7 Gedanken zu „Potztausend! Trailrunning für die Massen?“

  1. Ach, ist doch alles halb so wild – selbst wenn es täglich irgendwo einen organisierten Traillauf mit 5.000 Teilnehmern gäbe, wäre ich garantiert nach wie vor alleine auf meinen matschigen Hometrails. Ich seh’ das entspannt. Die kleinen feinen Mini-Veranstaltungen wird es auch sicher weiterhin geben.
    Ich glaube eher, dass sich viele Trailläufer in der Rolle des unangepassten Laufpunks gefallen und so ein bisschen den Verlust ihres coolen Underdog-Status fürchten, wenn “das” plötzlich “jeder” macht.

    1. Keine Frage, dass es die kleinen, feinen Veranstaltungen weiter geben wird. Du kannst ja auch noch knackige Zehner rennen, die in einem kleinen Dorf vom örtlichen Verein organisiert werden.
      Fürchten manche Trailläufer um ihr Alleinstellungsmerkmal? Kann sein, echte Laufpunks und Underdogs müssten meiner Ansicht nach organisierte Veranstaltungen meiden (oder nur die ganz kleinen wählen). “Jeder” ist aber nicht ganz der Punkt, meine Frage ist eher: muss man, wie das Trail Magazin angregt, “Masse” zum Ziel erklären? Masse geht oberhalb einer bestimmten Schwelle immer auf Kosten der Klasse, und dann wird ein Landschaftslauf auf Waldautobahnen flugs zum Trail umbenannt, damit fünftausend Menschen sich einreden können, sie würden “Trail” laufen.

      Ich bleibe lieber beim individuellen – Masse kann man hinnehmen, ich will sie aber nicht als Ziel setzen.

  2. Früher, ja, auch ich sage früher ( wie meine Oma), war das Laufen von Ultras auch noch ein Sport für Individualisten, während mittlerweile das Volk der Anhänger erheblich gewachsen ist, jeder, der zehn Kilometer im Sack hat, liebäugelt mit Ultra, Trail oder was eben gerade IN ist.

    Mal ganz abgesehen von dem Schindluder, das damit mit der Natur getrieben wird, bin und bleibe ich auch Individualist, meide die Massen, wo ich kann, freue mich, wenn ich Läufe finde, in denen es noch heimisch zugeht, alles andere kommt auch für mich nicht infrage, Individualist – sag’ ich doch, aber HALLO ! 🙄

    1. Mit Massenveranstaltungen habe ich es auch nicht.
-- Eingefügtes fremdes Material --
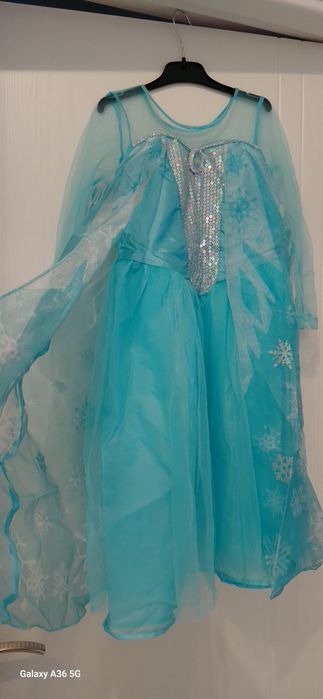 Rochita Frozen,Zana Zapezii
UTMB ist toll, die kleinen Läufe sind mir da deutlich sympathischer. KuSuH mit dreißig Teilnehmern, da kennst du eh’ die meisten und trittst dich nicht tot.

  3. Ganz ehrlich, Harald? Ich will das nicht, ich bin gerne allein auf meinen Trails, ich brauche kein Lauf-Event, und v.a. brauche ich keinen Verband oder Regeln. Ich will in der Natur verantwortungsbewusst gegenüber der selbigen und mir Ruhe und Entspannung finden. Am liebsten ohne einen anderen Menschen zu treffen, wenn ich nur an die Sonntagmorgen Jogger denke, die hier die Radwege bevölkern. Oh nein, die will ich im Wald nicht sehen.

    Ich bin ein Egoist, was das betrifft, oder vielleicht doch ein Individualist? 🙂

    Salut

    1. Christian, Egoist oder Individualist? Ich hänge den Begriff etwas tiefer und sage “bekennendes Individuum” 🙂
      Wenn ich mal meine Vorurteile auspacken darf: die hippe Partyfraktion will ich nicht haben. Sonntagmorgenjogger? Mit iPod auf der runtastischen Runde? Igitt!